When the indistinct border group was compared with the distinct border group after AI chromoendoscopy, there were no differences in the tumor size, location, or depth (Table 3). The lesions with an excavated morphology showed a higher frequency of indistinct borders than those with a flat/elevated or depressed morphology (P = 0.034). Undifferentiated carcinomas had a higher frequency of indistinct borders than differentiated carcinomas (13/43 [30.2%] vs 11/108 [10.2%], respectively, P = 0.002). On multivariate regression analysis, only the histopathological type was associated with the border clarification (Table 4).
The clarity of the lesions after AI chromoendoscopy did not differ according to the tumor size, location, or depth (Table 5). The lesions with a flat/elevated morphology showed a higher frequency of clear images than those with a depressed or excavated morphology (P = 0.009). Undifferentiated adenocarcinomas showed a higher frequency of mottled appearance than differentiated adenocarcinomas (30/43 [69.8%] vs 2/108 [1.9%], respectively, P = 0.002).

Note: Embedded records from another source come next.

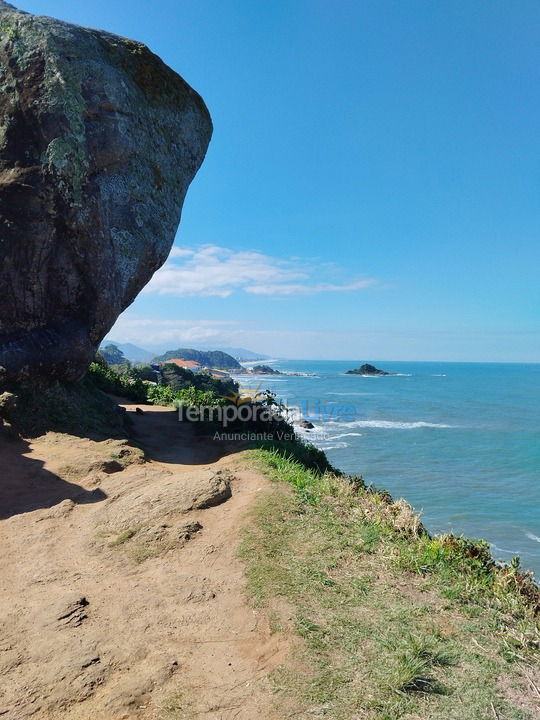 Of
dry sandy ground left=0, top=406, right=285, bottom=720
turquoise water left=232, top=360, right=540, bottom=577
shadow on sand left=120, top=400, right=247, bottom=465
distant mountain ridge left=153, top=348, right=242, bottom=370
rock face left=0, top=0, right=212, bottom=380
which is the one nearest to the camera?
dry sandy ground left=0, top=406, right=285, bottom=720

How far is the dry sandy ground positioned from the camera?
3.44 meters

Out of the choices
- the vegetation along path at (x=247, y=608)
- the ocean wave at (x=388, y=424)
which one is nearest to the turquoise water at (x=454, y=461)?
the ocean wave at (x=388, y=424)

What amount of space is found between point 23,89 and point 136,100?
2960 mm

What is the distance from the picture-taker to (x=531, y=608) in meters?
4.56

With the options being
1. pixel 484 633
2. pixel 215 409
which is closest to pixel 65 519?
pixel 484 633

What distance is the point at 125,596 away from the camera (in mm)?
4758

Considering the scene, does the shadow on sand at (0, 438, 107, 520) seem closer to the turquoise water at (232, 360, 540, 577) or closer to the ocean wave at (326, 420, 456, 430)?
the turquoise water at (232, 360, 540, 577)

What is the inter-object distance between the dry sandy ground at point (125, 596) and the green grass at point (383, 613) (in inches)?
13.2

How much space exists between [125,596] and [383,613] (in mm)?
2741

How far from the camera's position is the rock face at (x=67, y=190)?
1054 centimetres

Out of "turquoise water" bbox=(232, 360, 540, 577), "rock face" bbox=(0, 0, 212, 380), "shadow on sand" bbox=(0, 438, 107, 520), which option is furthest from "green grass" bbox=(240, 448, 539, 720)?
"turquoise water" bbox=(232, 360, 540, 577)

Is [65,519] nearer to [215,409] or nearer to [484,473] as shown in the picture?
[215,409]

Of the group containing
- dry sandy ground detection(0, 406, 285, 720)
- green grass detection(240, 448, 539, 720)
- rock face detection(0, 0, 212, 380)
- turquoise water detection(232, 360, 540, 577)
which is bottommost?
turquoise water detection(232, 360, 540, 577)

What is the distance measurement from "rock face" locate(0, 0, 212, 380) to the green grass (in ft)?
24.6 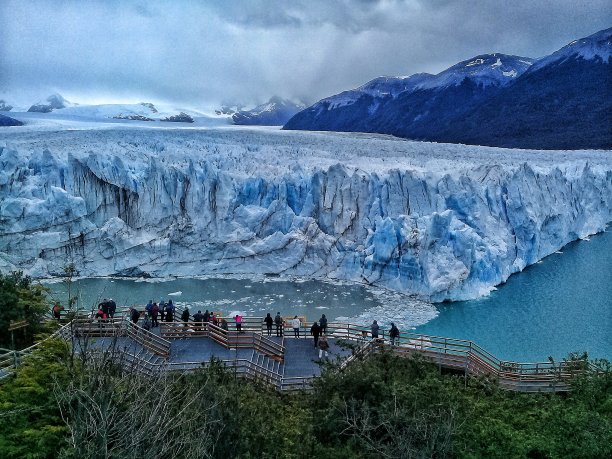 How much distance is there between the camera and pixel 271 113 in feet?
235

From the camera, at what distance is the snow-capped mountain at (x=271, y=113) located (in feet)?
225

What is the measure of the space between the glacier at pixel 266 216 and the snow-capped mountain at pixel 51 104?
104 feet

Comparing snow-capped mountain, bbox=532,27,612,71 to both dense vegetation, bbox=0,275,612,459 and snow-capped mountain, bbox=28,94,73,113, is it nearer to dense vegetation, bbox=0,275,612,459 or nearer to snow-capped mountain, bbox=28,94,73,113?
snow-capped mountain, bbox=28,94,73,113

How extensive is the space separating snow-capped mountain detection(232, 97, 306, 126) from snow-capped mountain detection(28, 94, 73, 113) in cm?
1898

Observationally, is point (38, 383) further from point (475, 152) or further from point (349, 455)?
point (475, 152)

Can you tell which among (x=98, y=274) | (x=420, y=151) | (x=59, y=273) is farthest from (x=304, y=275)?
(x=420, y=151)

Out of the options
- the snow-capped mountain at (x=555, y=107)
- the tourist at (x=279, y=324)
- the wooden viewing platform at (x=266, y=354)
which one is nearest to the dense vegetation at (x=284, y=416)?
the wooden viewing platform at (x=266, y=354)

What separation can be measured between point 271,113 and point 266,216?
54639 mm

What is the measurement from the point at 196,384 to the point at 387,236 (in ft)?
38.6

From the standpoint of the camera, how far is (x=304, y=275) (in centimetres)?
1814

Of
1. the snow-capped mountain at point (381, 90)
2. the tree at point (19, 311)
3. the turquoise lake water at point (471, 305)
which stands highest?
the snow-capped mountain at point (381, 90)

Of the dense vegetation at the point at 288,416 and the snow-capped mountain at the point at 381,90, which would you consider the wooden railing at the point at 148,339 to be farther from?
the snow-capped mountain at the point at 381,90

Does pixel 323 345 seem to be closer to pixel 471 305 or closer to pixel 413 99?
pixel 471 305

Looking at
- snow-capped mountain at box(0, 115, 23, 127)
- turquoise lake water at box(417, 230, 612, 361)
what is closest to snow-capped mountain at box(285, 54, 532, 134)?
snow-capped mountain at box(0, 115, 23, 127) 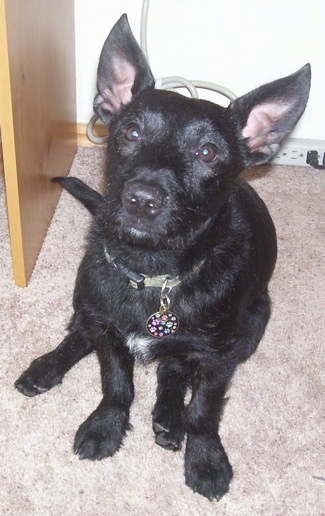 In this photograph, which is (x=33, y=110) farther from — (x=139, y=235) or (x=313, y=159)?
(x=313, y=159)

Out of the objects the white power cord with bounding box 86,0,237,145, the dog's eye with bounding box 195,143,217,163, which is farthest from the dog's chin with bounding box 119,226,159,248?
the white power cord with bounding box 86,0,237,145

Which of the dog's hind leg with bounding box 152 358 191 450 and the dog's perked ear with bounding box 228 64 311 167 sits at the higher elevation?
the dog's perked ear with bounding box 228 64 311 167

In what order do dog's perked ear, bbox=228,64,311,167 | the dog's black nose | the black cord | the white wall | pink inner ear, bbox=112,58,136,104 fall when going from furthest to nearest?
the black cord → the white wall → pink inner ear, bbox=112,58,136,104 → dog's perked ear, bbox=228,64,311,167 → the dog's black nose

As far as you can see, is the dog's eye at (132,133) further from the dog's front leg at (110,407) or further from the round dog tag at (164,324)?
the dog's front leg at (110,407)

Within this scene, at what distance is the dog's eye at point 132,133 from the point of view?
1.71 metres

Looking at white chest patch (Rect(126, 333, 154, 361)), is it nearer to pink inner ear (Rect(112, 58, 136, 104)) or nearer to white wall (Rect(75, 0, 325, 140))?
pink inner ear (Rect(112, 58, 136, 104))

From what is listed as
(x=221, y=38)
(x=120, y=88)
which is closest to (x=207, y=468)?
(x=120, y=88)

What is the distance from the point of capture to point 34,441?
6.34 feet

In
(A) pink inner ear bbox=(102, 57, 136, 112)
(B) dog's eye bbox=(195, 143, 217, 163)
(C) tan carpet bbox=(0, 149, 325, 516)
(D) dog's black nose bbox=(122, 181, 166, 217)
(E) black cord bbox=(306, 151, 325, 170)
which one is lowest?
(C) tan carpet bbox=(0, 149, 325, 516)

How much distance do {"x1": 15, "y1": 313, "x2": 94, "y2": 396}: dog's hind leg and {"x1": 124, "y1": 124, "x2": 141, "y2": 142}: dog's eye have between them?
65 centimetres

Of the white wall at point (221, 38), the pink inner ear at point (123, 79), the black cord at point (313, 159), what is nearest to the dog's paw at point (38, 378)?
the pink inner ear at point (123, 79)

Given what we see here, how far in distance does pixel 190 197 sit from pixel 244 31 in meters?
1.52

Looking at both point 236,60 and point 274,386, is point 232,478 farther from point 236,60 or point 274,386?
point 236,60

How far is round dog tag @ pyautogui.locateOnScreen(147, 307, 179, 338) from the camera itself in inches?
71.7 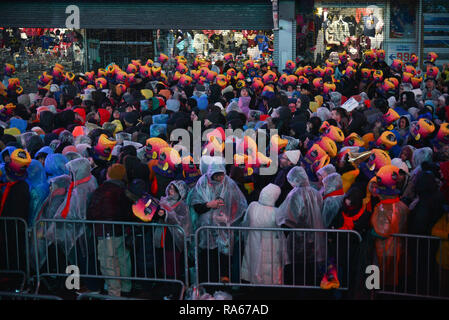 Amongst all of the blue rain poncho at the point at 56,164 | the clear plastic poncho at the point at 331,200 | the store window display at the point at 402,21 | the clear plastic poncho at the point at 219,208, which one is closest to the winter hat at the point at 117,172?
the blue rain poncho at the point at 56,164

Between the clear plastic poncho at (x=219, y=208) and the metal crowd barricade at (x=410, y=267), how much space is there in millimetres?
1614

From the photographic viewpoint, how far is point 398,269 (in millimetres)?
5766

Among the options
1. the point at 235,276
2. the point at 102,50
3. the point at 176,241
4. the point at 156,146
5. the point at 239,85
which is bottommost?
the point at 235,276

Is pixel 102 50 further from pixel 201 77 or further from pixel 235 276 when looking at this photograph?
pixel 235 276

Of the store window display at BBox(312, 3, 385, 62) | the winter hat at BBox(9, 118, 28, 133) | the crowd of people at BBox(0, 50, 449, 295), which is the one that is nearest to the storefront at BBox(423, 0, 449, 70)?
the store window display at BBox(312, 3, 385, 62)

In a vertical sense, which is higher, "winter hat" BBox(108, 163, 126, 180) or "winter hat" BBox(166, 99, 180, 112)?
"winter hat" BBox(166, 99, 180, 112)

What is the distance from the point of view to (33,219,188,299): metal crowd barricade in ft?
20.3

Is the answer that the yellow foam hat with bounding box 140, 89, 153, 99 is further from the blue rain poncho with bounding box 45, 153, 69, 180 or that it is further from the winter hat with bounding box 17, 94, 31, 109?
the blue rain poncho with bounding box 45, 153, 69, 180

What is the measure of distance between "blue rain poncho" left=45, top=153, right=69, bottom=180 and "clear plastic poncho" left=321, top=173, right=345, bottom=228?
3.06 m

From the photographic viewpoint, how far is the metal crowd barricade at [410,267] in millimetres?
5570

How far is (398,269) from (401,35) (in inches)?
748

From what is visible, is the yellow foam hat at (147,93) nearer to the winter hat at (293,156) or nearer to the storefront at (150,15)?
the winter hat at (293,156) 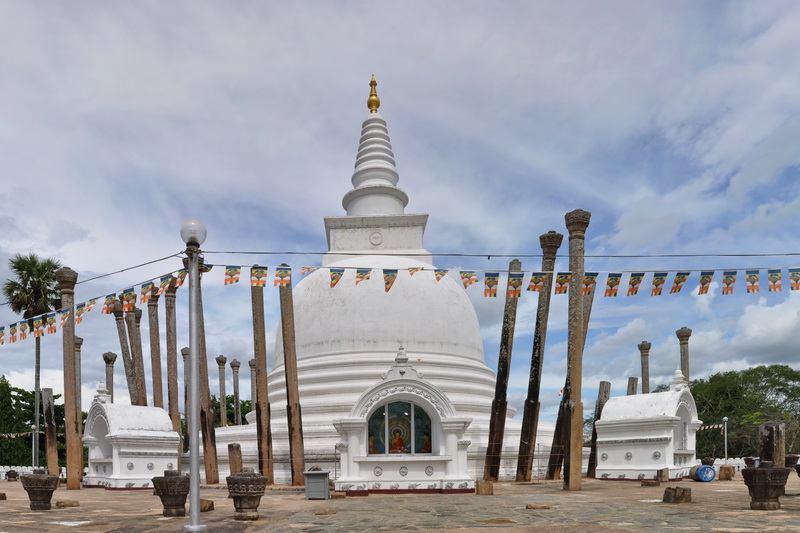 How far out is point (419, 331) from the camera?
31766 mm

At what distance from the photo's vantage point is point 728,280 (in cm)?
2042

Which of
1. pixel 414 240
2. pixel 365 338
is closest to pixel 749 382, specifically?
pixel 414 240

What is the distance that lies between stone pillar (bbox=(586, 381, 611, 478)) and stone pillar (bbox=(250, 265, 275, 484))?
12.9 m

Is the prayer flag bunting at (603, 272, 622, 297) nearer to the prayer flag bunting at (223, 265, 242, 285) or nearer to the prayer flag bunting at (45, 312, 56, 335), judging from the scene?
the prayer flag bunting at (223, 265, 242, 285)

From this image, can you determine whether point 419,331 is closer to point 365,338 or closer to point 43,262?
point 365,338

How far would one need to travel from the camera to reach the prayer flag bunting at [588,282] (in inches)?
840

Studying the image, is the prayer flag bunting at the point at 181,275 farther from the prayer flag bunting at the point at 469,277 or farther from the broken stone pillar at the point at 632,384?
the broken stone pillar at the point at 632,384

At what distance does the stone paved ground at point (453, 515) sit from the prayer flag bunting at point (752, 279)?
561cm

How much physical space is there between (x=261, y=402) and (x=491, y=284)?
8864 millimetres

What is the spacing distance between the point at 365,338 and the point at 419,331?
2438 mm

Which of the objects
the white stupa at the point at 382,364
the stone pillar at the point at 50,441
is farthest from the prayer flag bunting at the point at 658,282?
the stone pillar at the point at 50,441

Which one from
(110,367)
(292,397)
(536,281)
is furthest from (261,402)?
(110,367)

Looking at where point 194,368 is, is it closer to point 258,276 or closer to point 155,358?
point 258,276

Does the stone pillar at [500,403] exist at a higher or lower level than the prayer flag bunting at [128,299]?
lower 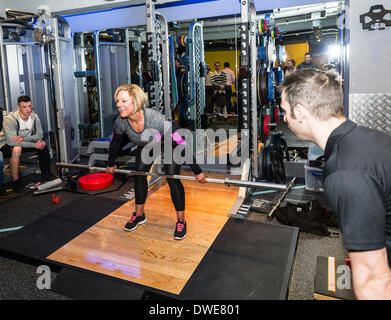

In this study, the diagnostic performance of conventional endoscopy in recognizing tumor borders was inadequate (only 66.9%) in patients with an endoscopic diagnosis of EGC. AI chromoendoscopy increased the recognition rate of tumor borders to 84.1%, especially in differentiated adenocarcinomas.
The accurate determination of the pre-treatment lateral extent of a tumor is critical for successful endoscopic resection and laparoscopic gastrectomy in patients with EGC. Inadequate determination of the lateral extent may result in an incomplete resection, which would increase the rate of local relapse. During endoscopic resection such as ESD, the entire border between the tumor and the normal mucosa is electrosurgically marked, approximately 5 mm from the lesion, and the procedure is then performed . During a surgical operation such as a laparoscopic gastrectomy, EGC lesions cannot be identified by inspecting the serosal surface and are usually impossible to palpate manually because the depth of the invasion is shallow. Therefore, the day before surgery, two or three endoscopic clips are usually placed at the mucosa approximately 1-2 cm from the proximal margin of the lesion in the oral direction . In this study, we used the same localization technique for endoscopic resection and laparoscopic gastrectomy.
The diagnostic performance for determining the lateral extent of a tumor with conventional endoscopy is inadequate because the tumor rims are often almost the same height and color as the surrounding normal mucosa . Chromoendoscopy with indigo carmine dye, which is not absorbed by the mucosa but pools in crevices and valleys, thus defining the irregularities in the mucosal architecture, has been used for over 30 years and is still a strong modality for identifying gastric lesions [9, 10, 13]. However, the accurate delineation of the tumor area is often difficult because the dye simply contrasts the surface irregularity of the tumor .
Magnifying endoscopy has recently been reported as useful in determining the lateral spread of gastric cancers [11, 12]. However, magnifying endoscopy is not popular and there is no generally accepted standard for identifying the patterns of tumors, which limits the role of magnifying endoscopy in determining the lateral extent of a tumor.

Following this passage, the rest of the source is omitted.